In the records below, find the line containing "娘の前で雌犬のように激しく突かれて 織田真子 泉りおん織田真子・泉りおん"; give it again exactly, along with every line that follows, and nothing else.

* * * * *

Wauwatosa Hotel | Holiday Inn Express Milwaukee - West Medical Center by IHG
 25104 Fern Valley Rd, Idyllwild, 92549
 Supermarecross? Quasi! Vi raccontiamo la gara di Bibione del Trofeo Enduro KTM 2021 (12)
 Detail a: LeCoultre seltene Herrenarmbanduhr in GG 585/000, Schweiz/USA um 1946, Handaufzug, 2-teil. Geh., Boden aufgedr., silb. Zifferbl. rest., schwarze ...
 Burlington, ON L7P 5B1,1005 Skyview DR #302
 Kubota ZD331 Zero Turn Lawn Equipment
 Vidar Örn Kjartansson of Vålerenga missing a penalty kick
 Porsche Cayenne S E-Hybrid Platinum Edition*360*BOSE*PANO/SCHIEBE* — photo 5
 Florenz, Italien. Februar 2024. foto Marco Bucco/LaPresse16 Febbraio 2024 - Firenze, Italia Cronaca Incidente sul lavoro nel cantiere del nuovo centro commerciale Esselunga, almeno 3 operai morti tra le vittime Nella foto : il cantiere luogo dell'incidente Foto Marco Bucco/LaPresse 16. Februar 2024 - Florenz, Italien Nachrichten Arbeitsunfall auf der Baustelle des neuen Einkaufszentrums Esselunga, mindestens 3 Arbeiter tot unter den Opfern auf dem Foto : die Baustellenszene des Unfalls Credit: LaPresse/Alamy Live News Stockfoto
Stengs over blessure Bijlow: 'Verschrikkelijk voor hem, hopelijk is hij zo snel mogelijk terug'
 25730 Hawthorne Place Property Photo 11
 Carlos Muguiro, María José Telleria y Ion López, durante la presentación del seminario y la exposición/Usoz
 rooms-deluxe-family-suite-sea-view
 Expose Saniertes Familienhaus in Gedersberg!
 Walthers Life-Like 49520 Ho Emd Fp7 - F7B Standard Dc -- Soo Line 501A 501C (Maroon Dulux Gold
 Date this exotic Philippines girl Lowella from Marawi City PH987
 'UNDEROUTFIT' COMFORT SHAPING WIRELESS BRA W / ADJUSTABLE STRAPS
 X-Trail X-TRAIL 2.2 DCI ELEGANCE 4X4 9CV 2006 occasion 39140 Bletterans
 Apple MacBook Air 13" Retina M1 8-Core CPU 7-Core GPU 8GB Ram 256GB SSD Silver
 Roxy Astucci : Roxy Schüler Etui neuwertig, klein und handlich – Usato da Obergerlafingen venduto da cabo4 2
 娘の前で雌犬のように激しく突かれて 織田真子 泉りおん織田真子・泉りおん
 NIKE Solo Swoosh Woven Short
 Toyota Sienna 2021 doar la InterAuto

* * * * *

Answer to this exercise —
 娘の前で雌犬のように激しく突かれて 織田真子 泉りおん織田真子・泉りおん
 NIKE Solo Swoosh Woven Short
 Toyota Sienna 2021 doar la InterAuto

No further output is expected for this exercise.